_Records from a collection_
....................

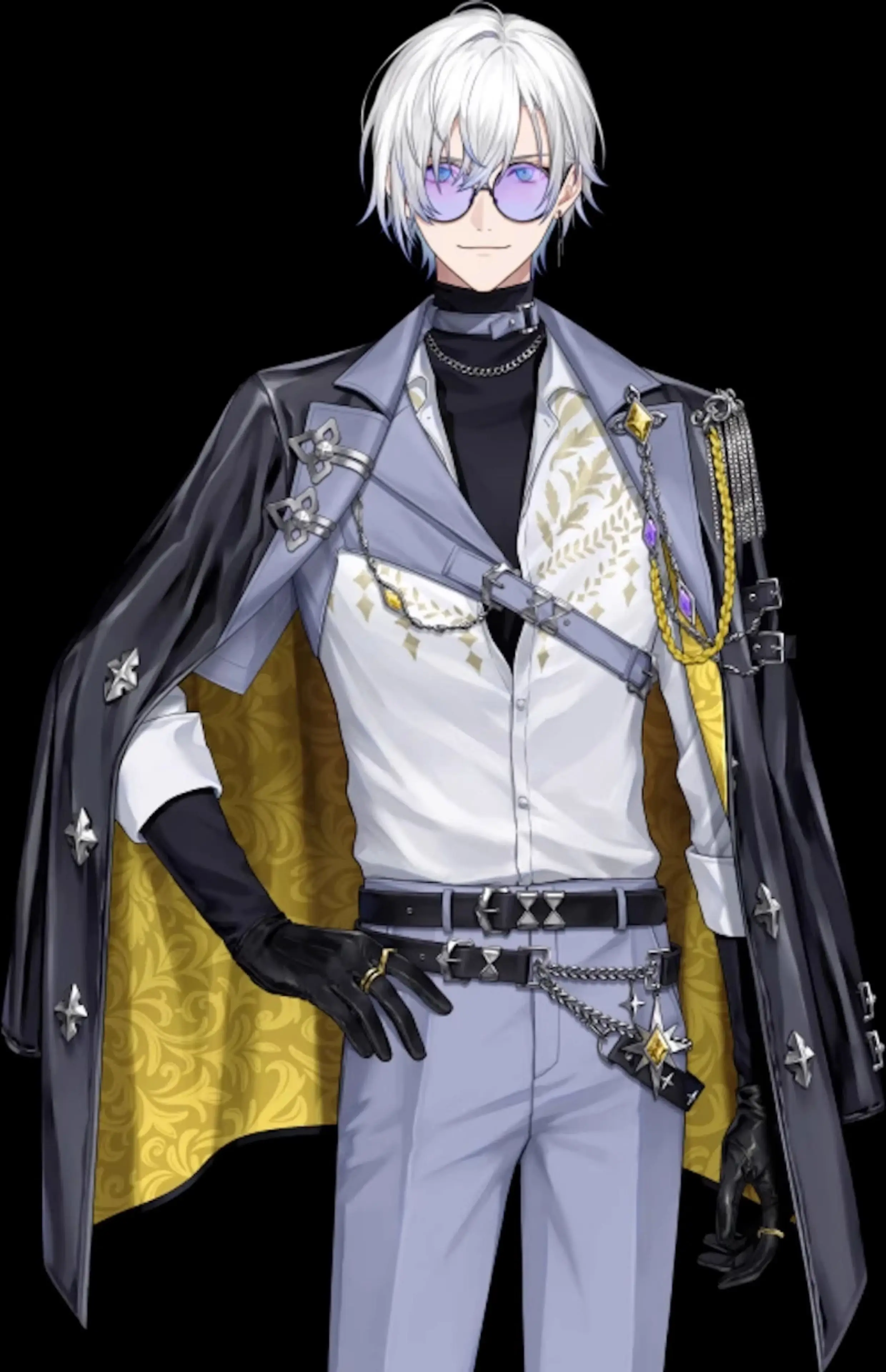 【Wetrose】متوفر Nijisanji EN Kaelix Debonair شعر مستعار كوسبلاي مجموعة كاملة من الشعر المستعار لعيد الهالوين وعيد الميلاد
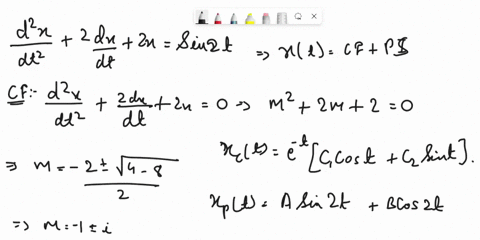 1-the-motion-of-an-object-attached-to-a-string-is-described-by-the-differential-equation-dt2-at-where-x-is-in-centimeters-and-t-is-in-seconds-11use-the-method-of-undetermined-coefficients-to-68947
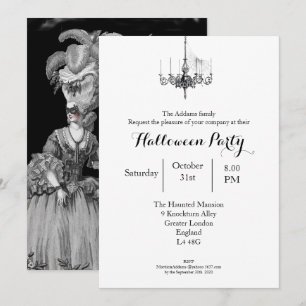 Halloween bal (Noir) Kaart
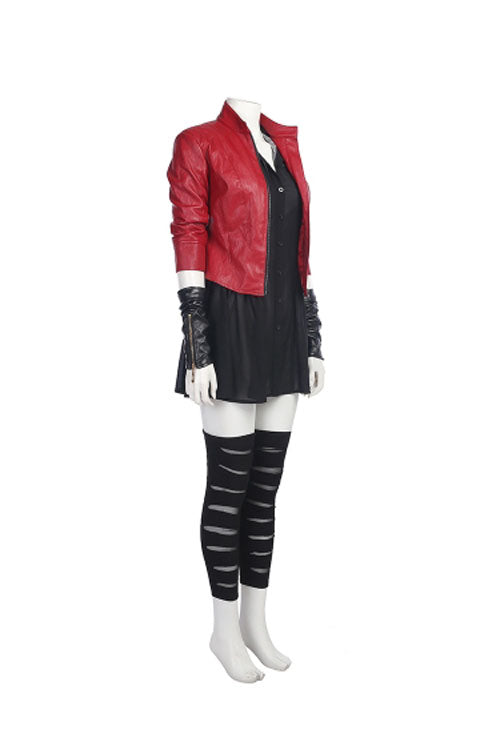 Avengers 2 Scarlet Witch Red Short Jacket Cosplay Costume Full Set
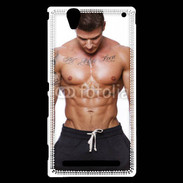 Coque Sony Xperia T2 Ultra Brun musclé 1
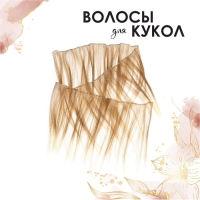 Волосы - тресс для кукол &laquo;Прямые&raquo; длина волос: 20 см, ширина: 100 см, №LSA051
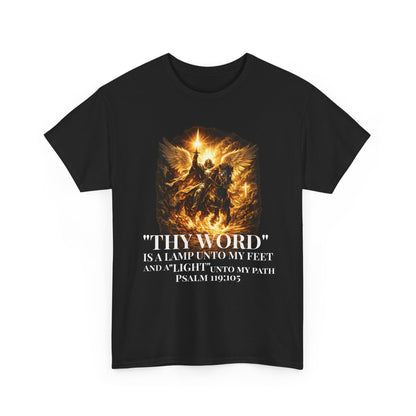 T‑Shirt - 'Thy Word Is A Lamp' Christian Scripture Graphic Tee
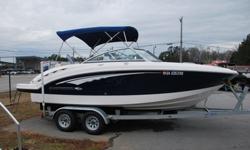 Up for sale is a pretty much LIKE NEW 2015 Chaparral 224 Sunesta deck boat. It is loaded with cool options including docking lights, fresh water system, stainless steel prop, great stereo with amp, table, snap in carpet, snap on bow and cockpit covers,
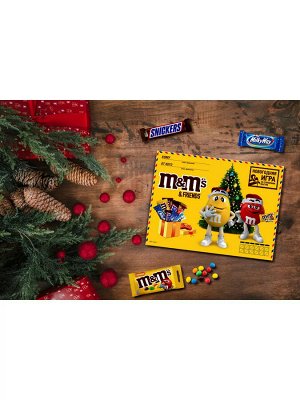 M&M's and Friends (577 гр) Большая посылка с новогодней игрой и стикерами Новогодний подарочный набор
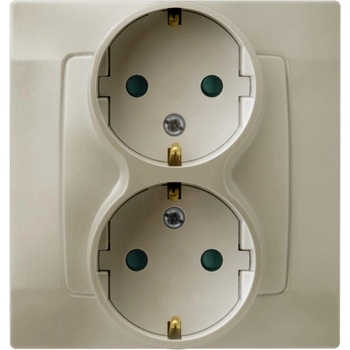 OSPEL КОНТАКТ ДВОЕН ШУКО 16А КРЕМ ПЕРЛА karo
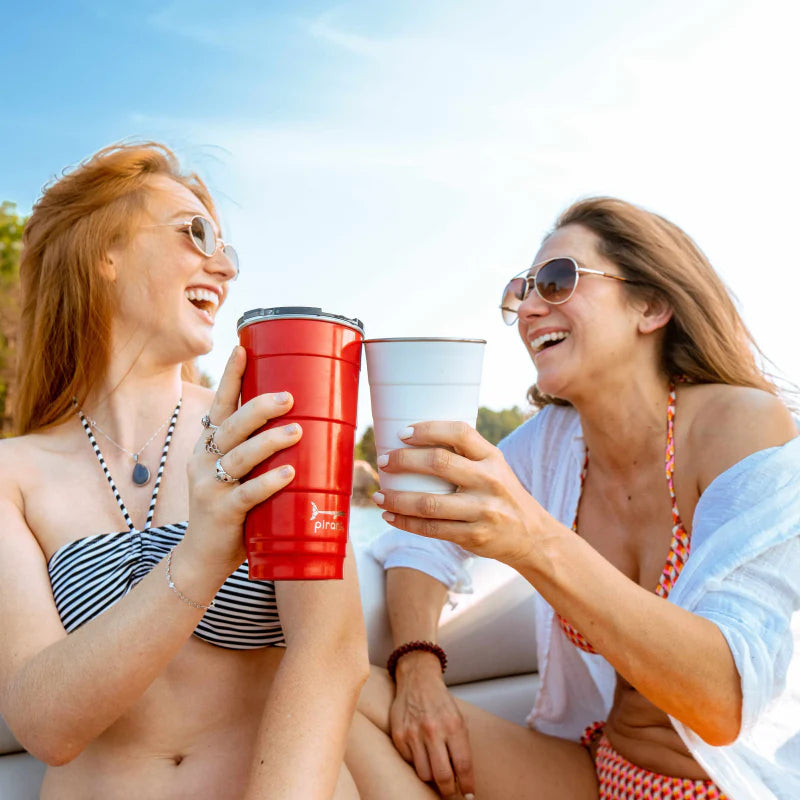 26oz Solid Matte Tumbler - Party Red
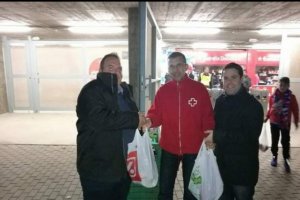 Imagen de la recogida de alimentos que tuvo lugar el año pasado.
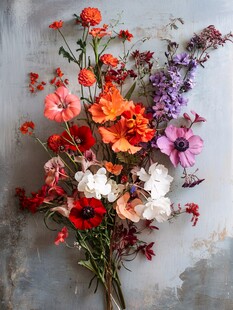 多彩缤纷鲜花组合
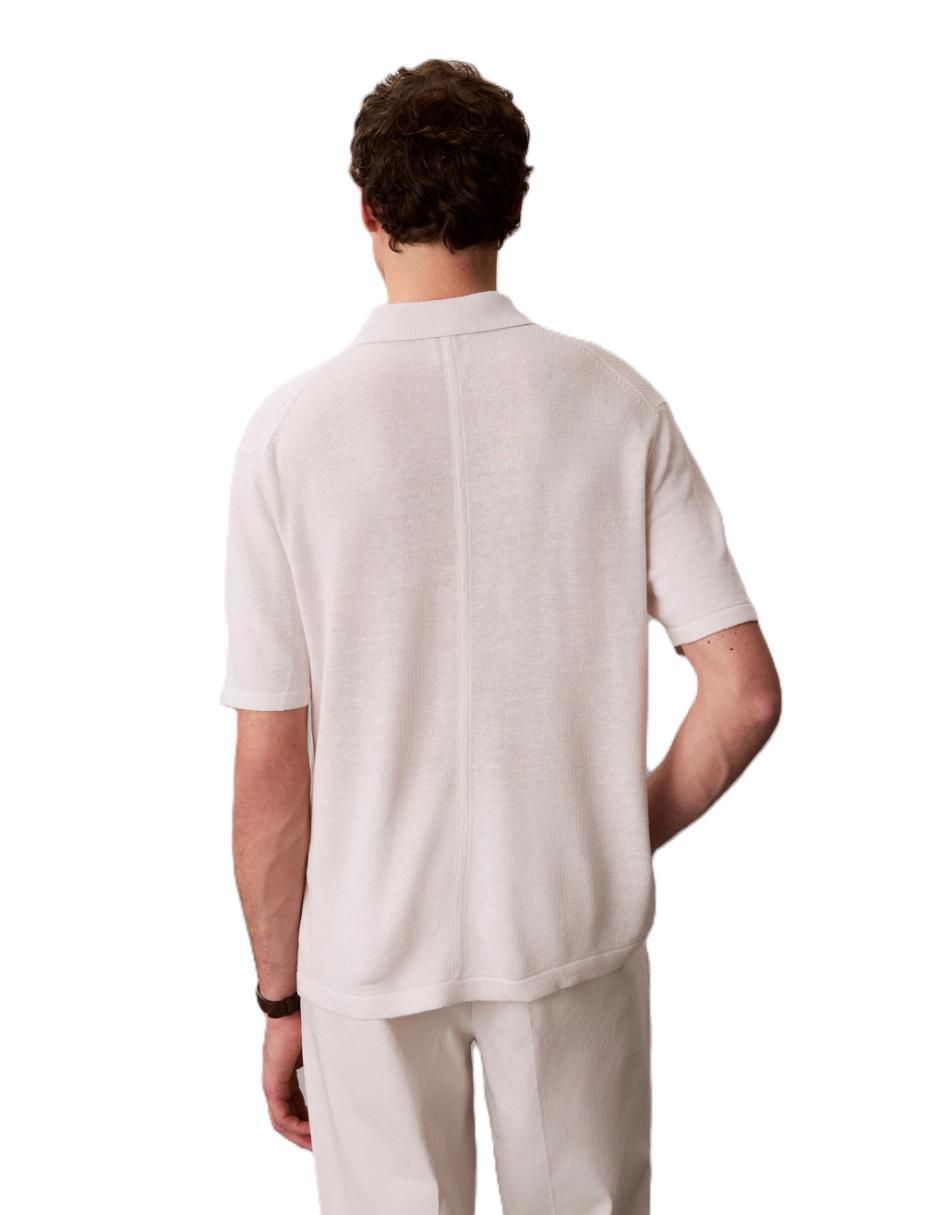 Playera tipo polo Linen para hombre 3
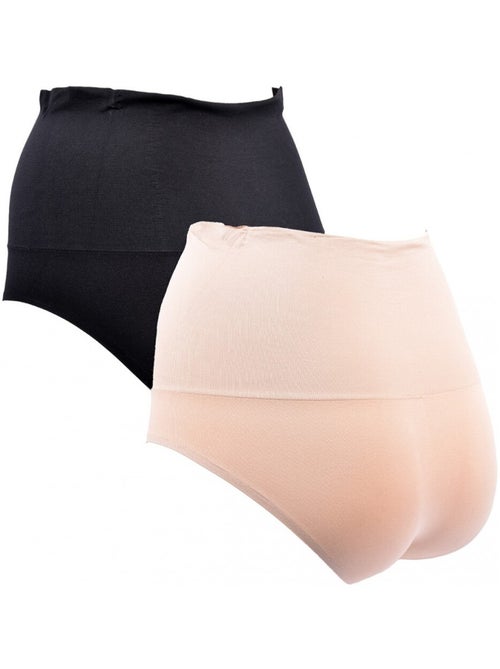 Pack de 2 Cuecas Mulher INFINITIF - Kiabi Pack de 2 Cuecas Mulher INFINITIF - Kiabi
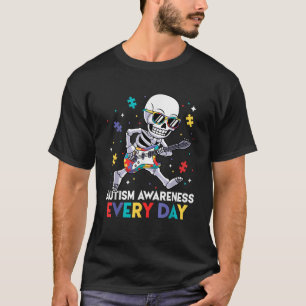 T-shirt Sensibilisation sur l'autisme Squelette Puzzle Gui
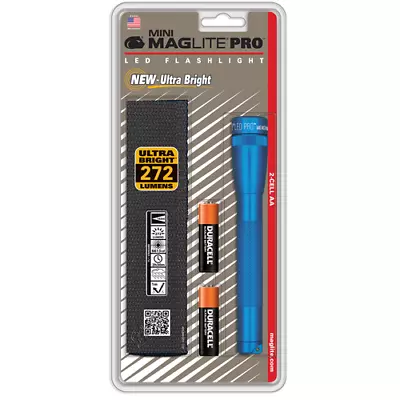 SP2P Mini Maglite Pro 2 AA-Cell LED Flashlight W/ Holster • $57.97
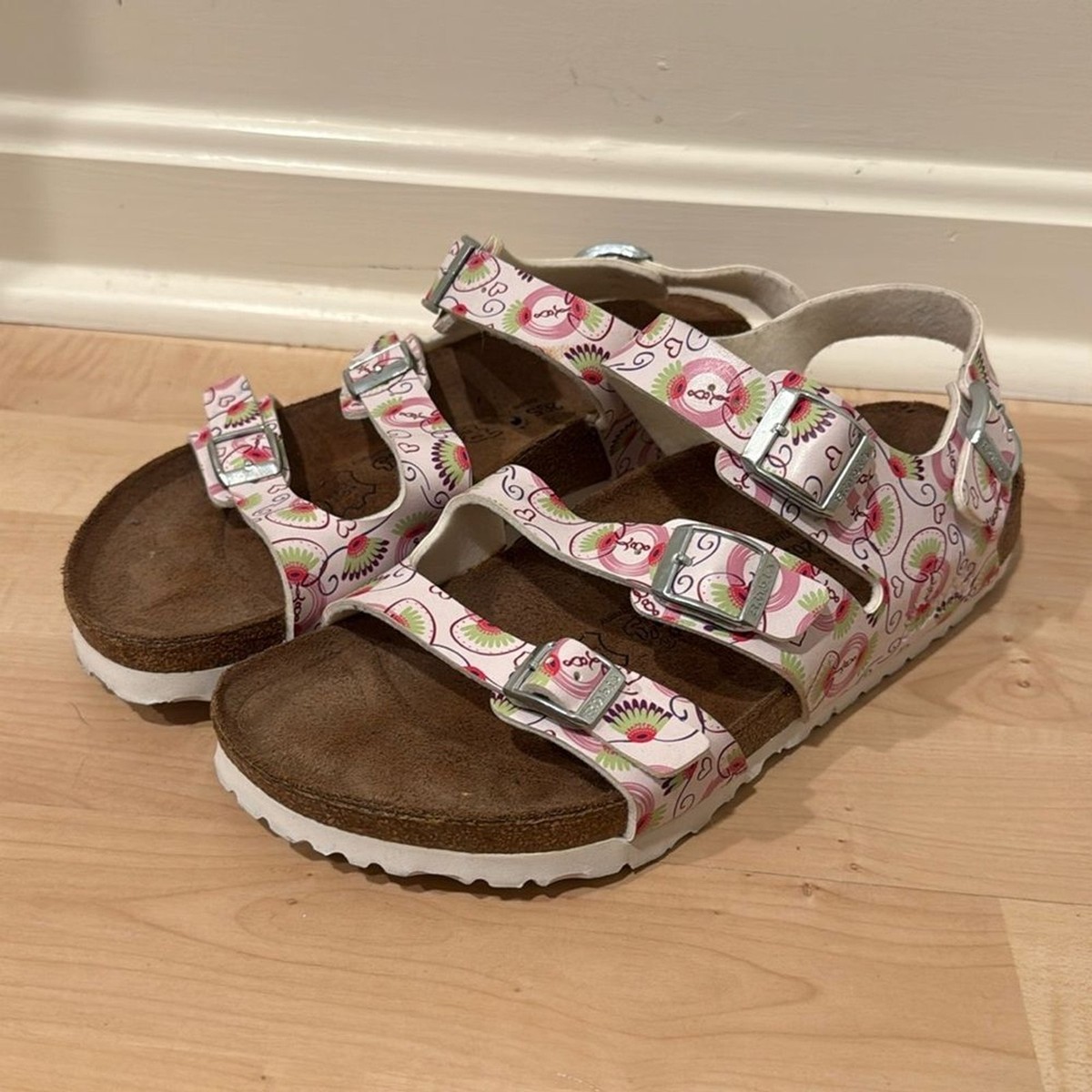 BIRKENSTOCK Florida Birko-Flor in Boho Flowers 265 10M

....................

_ASSIGNED TASK_
A word-for-word repeat of the lines from the line with "Imagen de la" to the last line of the data, both ends included and pictures left out, is all that should appear.

_RESULT FOR THIS EXERCISE_
 Imagen de la recogida de alimentos que tuvo lugar el año pasado.
 多彩缤纷鲜花组合
 Playera tipo polo Linen para hombre 3
 Pack de 2 Cuecas Mulher INFINITIF - Kiabi Pack de 2 Cuecas Mulher INFINITIF - Kiabi
 T-shirt Sensibilisation sur l'autisme Squelette Puzzle Gui
 SP2P Mini Maglite Pro 2 AA-Cell LED Flashlight W/ Holster • $57.97
 BIRKENSTOCK Florida Birko-Flor in Boho Flowers 265 10M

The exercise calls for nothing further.